Dans ce cas de figure, le public va t-il se montrer compréhensif avec son équipe en continuant à la pousser étant à 90 minutes d’une Coupe du Monde ? Il faut aussi prendre en compte que ce match sera le premier pour cette équipe d’Algérie à domicile après l’échec de la CAN. Quelque part, le public n’a peut être pas oublié cette contreperformance. Il faudra donc pour l’Algérie se montrer vigilante à la réaction du public si le scénario du match ne venait pas à tourner en sa faveur. Même si la victoire face au Cameroun est passé par là, on sent que le public algérien reste mécontent du visage affiché par son équipe lors de la CAN. Tout cela reste donc fragile en quelque sorte.
Finalement, dans ces conditions, faut-il s’en remettre aux individualités de chaque équipe pour obtenir cette qualification ou alors, tirant la leçon du match aller, capitaliser sur son collectif pour imposer son jeu et supporter la pression?

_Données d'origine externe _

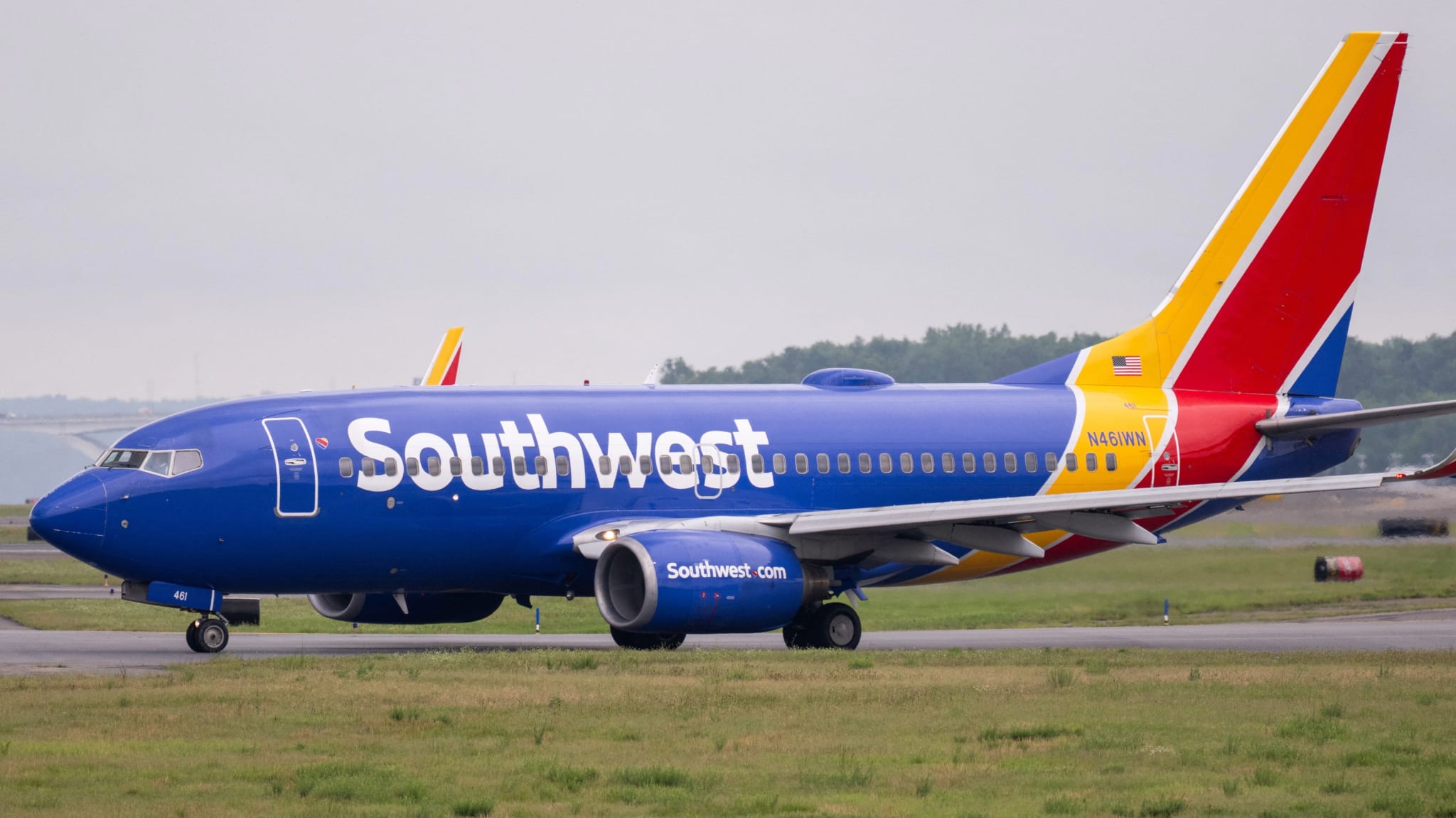 A Southwest Airlines plane on a runway, featuring a blue fuselage with red, yellow, and blue tail design. Grass and trees in the background.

À titre personnel, j’ai toujours vu le football sur le prisme du collectif. Dans cette façon d’analyser le sport, les individualités passeront donc toujours derrière le collectif. Sur le terrain, tu as onze joueurs, huit remplaçants, d’autres joueurs hors de la feuille de match et tout un staff. Voilà ce que représente pour moi une équipe. Sur un exploit individuel, un joueur peut marquer, voire te faire gagner un match et encore… Parce que, même s’il venait à marquer sur un exploit individuel, si derrière les copains ne courent pas, ne défendent pas, que le gardien ne sort pas l’arrêt qu’il faut au moment décisif, ton but ne sert à rien.

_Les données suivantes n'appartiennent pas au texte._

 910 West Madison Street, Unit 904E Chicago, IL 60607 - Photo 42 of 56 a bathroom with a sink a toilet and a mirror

Dans ce type de contexte, faire la différence ne reposera pas sur un seul joueur mais sur toute une équipe. C’est ce que l’on a pu constater côté algérien lors de ce match aller. On a vu une équipe d’Algérie solidaire, disciplinée et combative, faisant preuve d’une grande solidité défensive sur le terrain. C’est cet état d’esprit collectif qui leur a permis de ramener ce bon résultat du Cameroun. Quand on regarde la prestation d’un Mahrez, on voit qu’il était pleinement concentré sur les tâches défensives de l’équipe. Il a pleinement intégré le fait que, pour préserver ce résultat, il devait être totalement dédié à son collectif. On l’a vu plus défendre qu’attaquer.

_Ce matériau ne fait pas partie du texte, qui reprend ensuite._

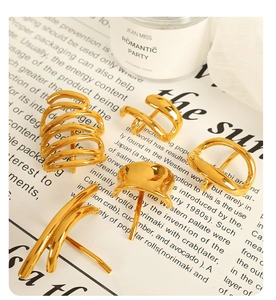 Detailed view of 5-piece minimalist gold titanium steel hair clips set on aesthetic background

Pour le match retour, les données sont sensiblement les mêmes. Si le Cameroun veut s’en sortir à Blida, alors il faudra montrer un toute autre visage d’un point de vue collectif. Ils doivent accepter de souffrir, d’attaquer, de défendre ensemble. On doit voir un bloc équipe solidaire. Certes, le but viendra toujours d’un joueur, mais celui-ci sera toujours à la conclusion d’une action qui verra le collectif primer.
Pour conclure, dans quel état d’esprit abordez-vous personnellement la rencontre de ce mardi ?
Je suis pleinement concentré et supporter déterminé du Cameroun. Dans ce type de match, il n’y a que deux alternatives : soit la qualification, soit l’élimination. Je regarderai ce match en étant à fond derrière les Lions Indomptables ! En tant que Camerounais, j’espère de tout mon coeur que cette équipe parviendra à obtenir la qualification pour le Mondial. Cela me tient d’autant plus à coeur en tant qu’ancien joueur et capitaine, avec tout ce que cela comporte en termes de souvenirs et de victoires.
Désormais, le football va décider de l’issue de ce match, mais n’oublions pas que nous restons tous Africains. Peu importe l’issue de ces barrages pour les équipes engagées, nous serons tout un continent derrière les cinq équipes engagées en Coupe du Monde au Qatar. On aura alors tous à coeur de supporter les nôtres.